Maximality and minimality: They are kinds of Pareto optimality.
Complexity: I think finding a minimum maximal solution is NP-hard. I would reduce the independence domination problem (aka the minimum maximal independent set problem) in bipartite graphs. This problem (more precisely its decision version) is known to be NP-complete (D. G. Corneil and Y. Perl, Clustering and domination in perfect graphs. Discrete Applied Mathematics 9 (1984) 27-39). Since a bipartite graph is perfect, its independent set polytope is determined by the clique inequalities, and the number of cliques in a bipartite graph is polynomial.

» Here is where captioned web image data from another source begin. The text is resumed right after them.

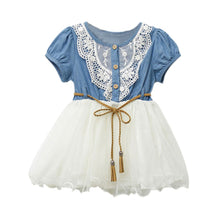 Baby Kids Girl Short Sleeve Denim Lace Dresses Tops White Guaze Children Tutu Dress Sundress 1-6Y  ILML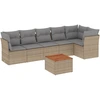 Image de vidaXL Ensemble de salon de jardin 7 pièces avec coussins Beige Poly Rattan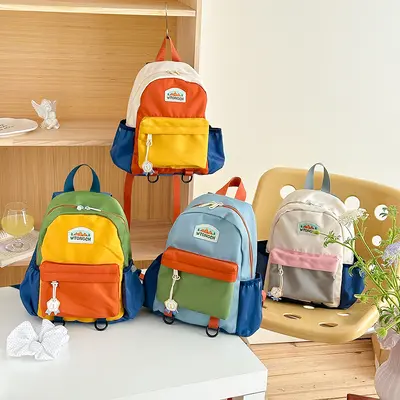 Children's Backpack, Colorblock Design, Kindergarten, Lightweight - 3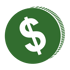 Grüne Münze mit weißem Dollarzeichen.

Therefore, we can explicitly write down a system of linear inequalities Ax <= 1, x >= 0 for the independent set polytope. The extreme solutions correspond to the independent sets, and the extreme maximal solutions correspond to the maximal independent sets.


You may find it useful to look into blocking and anti-blocking pairs of polyhedra. Say you have a packing problem. Then your feasible region $P$ is a corner polyhedron in the nonnegative orthant, and its anti-blocker $A(P)$ (also a corner polyhedron) is basically the set of inequalities defining $P$.

For example, if you take the stable set polytope $STAB(G)$ for some graph $G$ (i.e. the convex hull of incidence vectors of stable sets), its anti-blocker is the fractional clique polytope of $G$, i.e. $QSTAB(\bar G)$ (i.e. the set of nonnegative weightings such that no stable set has total weight $> 1$).

If you look at "The ellipsoid method and its consequences in combinatorial optimization" by Grötschel, Lovász, and Schrijver, you'll find that optimization over $P$ is in a sense computationally equivalent to optimization over $A(P)$. This is one way to prove that computing the fractional chromatic number is NP-hard, since the dual region to the LP is the anti-blocker of the stable set polytope!

Sadly I have had a hard time finding a transparent explanation of this stuff, but I'm by no means an expert on polyhedra. Hopefully you'll find it relevant to the problem at hand.